Pour son Actu Ciné, Lille La Nuit fait le choix de Nos Batailles, de Guillaume Senez, interprété par Romain Duris. Senez avait marqué les esprits avec Keeper, son premier long-métrage. Il revient aujourd’hui avec l’histoire d’un homme dont la femme disparaît, et qui se doit de faire face, coûte que coûte. Nos Batailles démontre la capacité du cinéaste à imposer un ton personnel et des problématiques en prise avec notre époque. Critique de Nos Batailles et interview de Guillaume Senez.

Nos Batailles de Guillaume Senez : Romain Duris et Lætitia Dosch, merveilleux comédiens.

Un film qui refuse tout aspect moralisateur

Keeper, premier long-métrage de Guillaume Senez auquel nous avions consacré un large article, a frappé les spectateurs qui ont eu la chance de le découvrir. Dans ce film, sélectionné dans plus de soixante-dix festivals, le jeune cinéaste filmait un couple d’adolescents devant faire face à la future naissance de leur enfant.

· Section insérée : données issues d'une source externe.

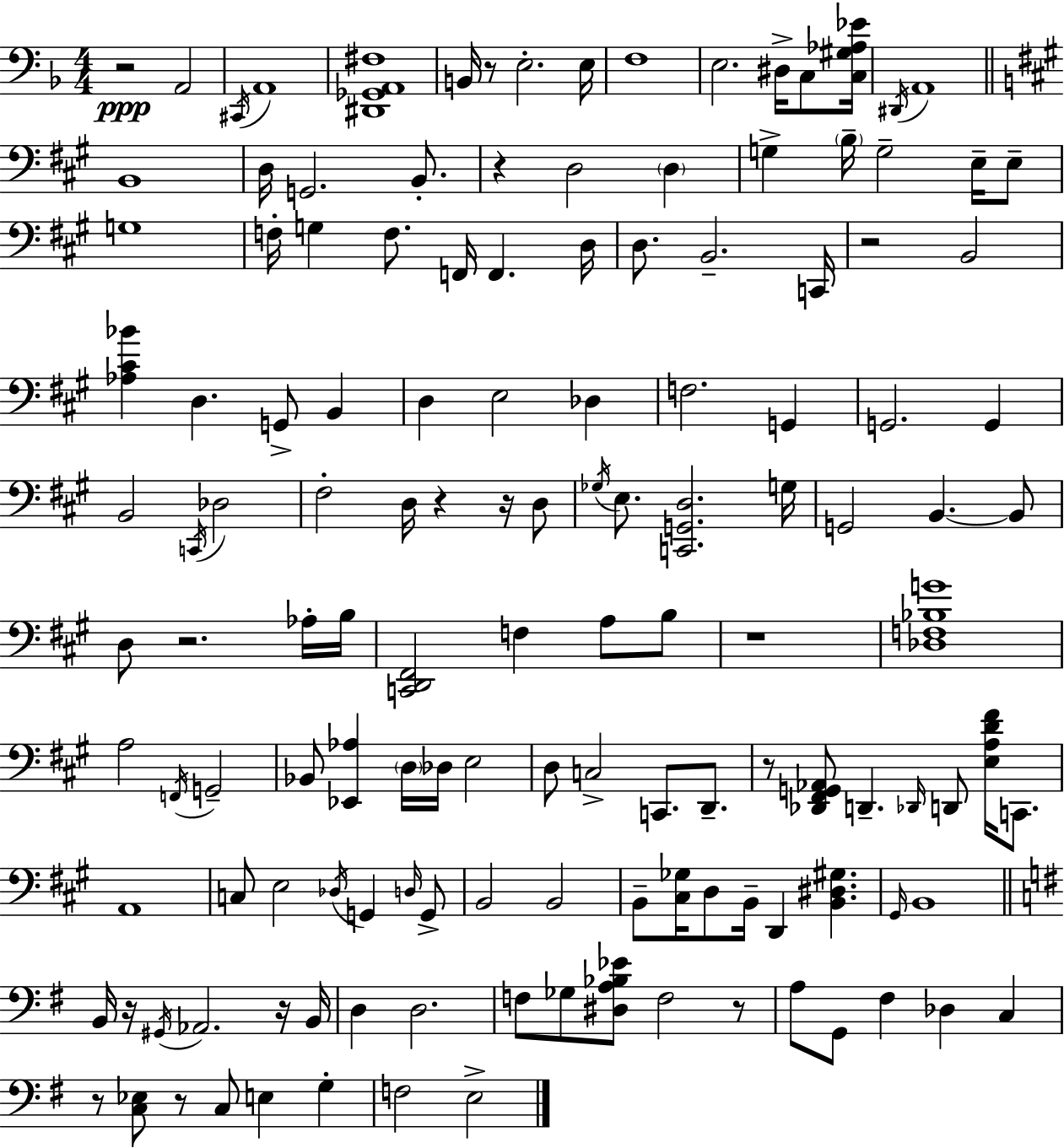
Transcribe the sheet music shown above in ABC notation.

X:1
T:Untitled
M:4/4
L:1/4
K:F
z2 A,,2 ^C,,/4 A,,4 [^D,,_G,,A,,^F,]4 B,,/4 z/2 E,2 E,/4 F,4 E,2 ^D,/4 C,/2 [C,^G,_A,_E]/4 ^D,,/4 A,,4 B,,4 D,/4 G,,2 B,,/2 z D,2 D, G, B,/4 G,2 E,/4 E,/2 G,4 F,/4 G, F,/2 F,,/4 F,, D,/4 D,/2 B,,2 C,,/4 z2 B,,2 [_A,^C_B] D, G,,/2 B,, D, E,2 _D, F,2 G,, G,,2 G,, B,,2 C,,/4 _D,2 ^F,2 D,/4 z z/4 D,/2 _G,/4 E,/2 [C,,G,,D,]2 G,/4 G,,2 B,, B,,/2 D,/2 z2 _A,/4 B,/4 [C,,D,,^F,,]2 F, A,/2 B,/2 z4 [_D,F,_B,G]4 A,2 F,,/4 G,,2 _B,,/2 [_E,,_A,] D,/4 _D,/4 E,2 D,/2 C,2 C,,/2 D,,/2 z/2 [_D,,^F,,G,,_A,,]/2 D,, _D,,/4 D,,/2 [E,A,D^F]/4 C,,/2 A,,4 C,/2 E,2 _D,/4 G,, D,/4 G,,/2 B,,2 B,,2 B,,/2 [^C,_G,]/4 D,/2 B,,/4 D,, [B,,^D,^G,] ^G,,/4 B,,4 B,,/4 z/4 ^G,,/4 _A,,2 z/4 B,,/4 D, D,2 F,/2 _G,/2 [^D,A,_B,_E]/2 F,2 z/2 A,/2 G,,/2 ^F, _D, C, z/2 [C,_E,]/2 z/2 C,/2 E, G, F,2 E,2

Il est toujours question de faire face dans Nos Batailles, présenté au Festival de Cannes à La Semaine de La Critique. Olivier (Romain Duris, dans son plus grand rôle ?) est contremaitre pour une société qui évoque terriblement Amazon. Le travail est stressant. Les exigences de résultats sont de plus en plus fortes. Femmes et hommes sont sous pression. Un jour, Laura, la femme d’Olivier, disparaît. L’homme va se mettre à sa recherche, tout en élevant ses enfants.  Nos Batailles ne donne pas la raison de la disparition de Laura (Lucie Debay). Guillaume Senez ne porte aucun jugement sur l’acte de la jeune femme, qu’on apprend à connaître et aimer avant qu’elle ne quitte le film (mais pas l’imaginaire du spectateur). Ainsi, le spectateur est à l’abri de tout jugement moralisateur déplacé. Le cinéma de Guillaume Senez ne condamne pas. Le réalisateur n’est pas un procureur.

Nos Batailles de Guillaume Senez : Dans le film, le rôle des enfants est prépondérant (les épatants Lena Girard Voss et Basile Grunberger, ici aux côtés de Lætitia Dosch).

Si Nos Batailles se focalise sur le quotidien du père et de ses enfants, Elliot et Rose - citons les jeunes Basile Grunberger et Lena Girard Voss, épatants - il dresse aussi des portraits forts de femmes. Celui de Laura, évidemment, ceux de Betty, la sœur d’Olivier (Laetitia Dosch) et Claire (Laure Calamy), amie et collègue de travail du contremaitre.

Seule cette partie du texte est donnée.